No supe qué responderle.
—No te he pedido que seas mi novia —continuó— porque necesito estar seguro de que eres un chico antes de pedírtelo. A mí me gustan los chicos. No las chicas.
—¿Cómo puedo probarte que soy un chico? —pregunté, con voz dubitativa.
—Déjame tocar tu entrepierna —dijo él, con seguridad.
Agradecí la oscuridad. Así no podría ver lo rojo que me había puesto.
—Está bien —dije—. La licra aplasta mi pene y por eso me veo plana, pero te dejaré sentirlo.
Me desabroché el short y lo bajé con todo y la licra. Volví a sentarme en el asiento. Sentí el frío del metal en mis nalgas.

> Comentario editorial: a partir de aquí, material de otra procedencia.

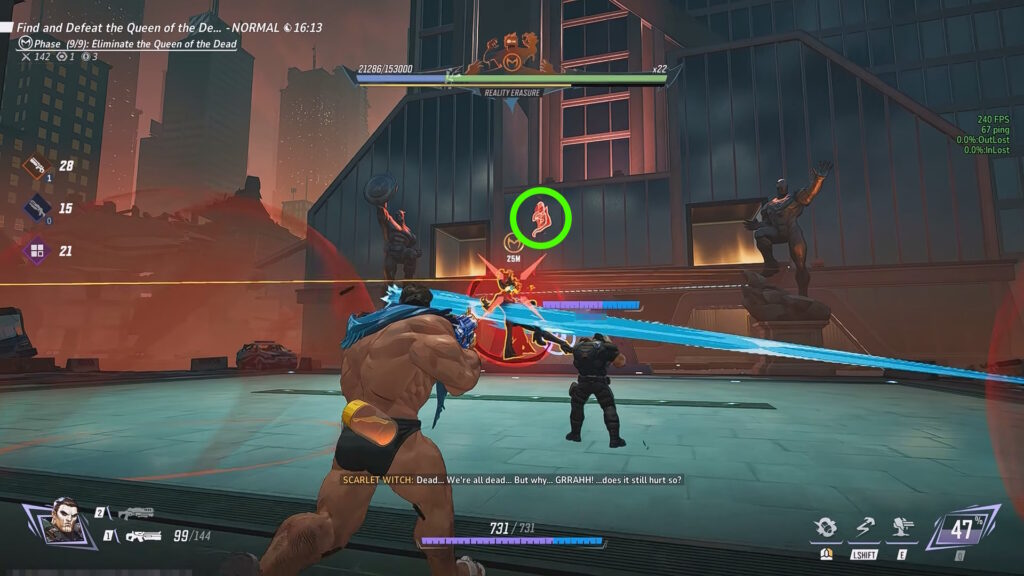 Wanda's crystals mechanic | Marvel Rivals - Season 4.5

Tomé la mano de Kevin y la guié hacia mi entrepierna.
Estaba seguro de que en la oscuridad y tan alto en el juego, nadie podría vernos. La mano de Kevin sintió mi virilidad, y me di cuenta de que su pulgar era mucho más grande que mi bulto. Sentí vergüenza. "Siempre fue tan pequeño", me pregunté mentalmente.
Kevin comenzó a acariciarme con dos dedos.
—Así que sí eres un chico después de todo, Greg —dijo.
Sus dedos me estimularon unos pocos segundos y sentí una erección. Mi pene diminuto tomó algo más de cuerpo, pero no demasiado. Unos instantes más tarde, un líquido blanco cubría los dedos de Kevin.
—Un niño precoz, al parecer —dijo.
Recordé que cuando Danny intentó hacerme una felación, también me vine en segundos. Por algún motivo, también recordé a Louise, que dijo que mi cosa diminuta nunca podría darle placer a una mujer, pero que mis nalgas podrían llenar de placer a un hombre.
Kevin me sacó de mis pensamientos. Soltó mi entrepierna y comenzó a besarme. Luego se separó de mí y me ofreció sus dedos.
—Límpialos, nena —dijo.
Comencé a lamerlos. Tenían un sabor salado. Me sonrojé al pensar que eso había salido de mí. Pasamos un tiempo así, juntos, con su mano en mi intimidad. Abrazados.
La luz volvió. El juego se encendió de nuevo. Me coloqué la ropa lo más rápido que pude mientras Kevin me miraba divertido. Cuando terminé, Kevin me miró a los ojos y tomó mis manos entre las suyas...
—¿Quieres ser mi novio, Greg Parker?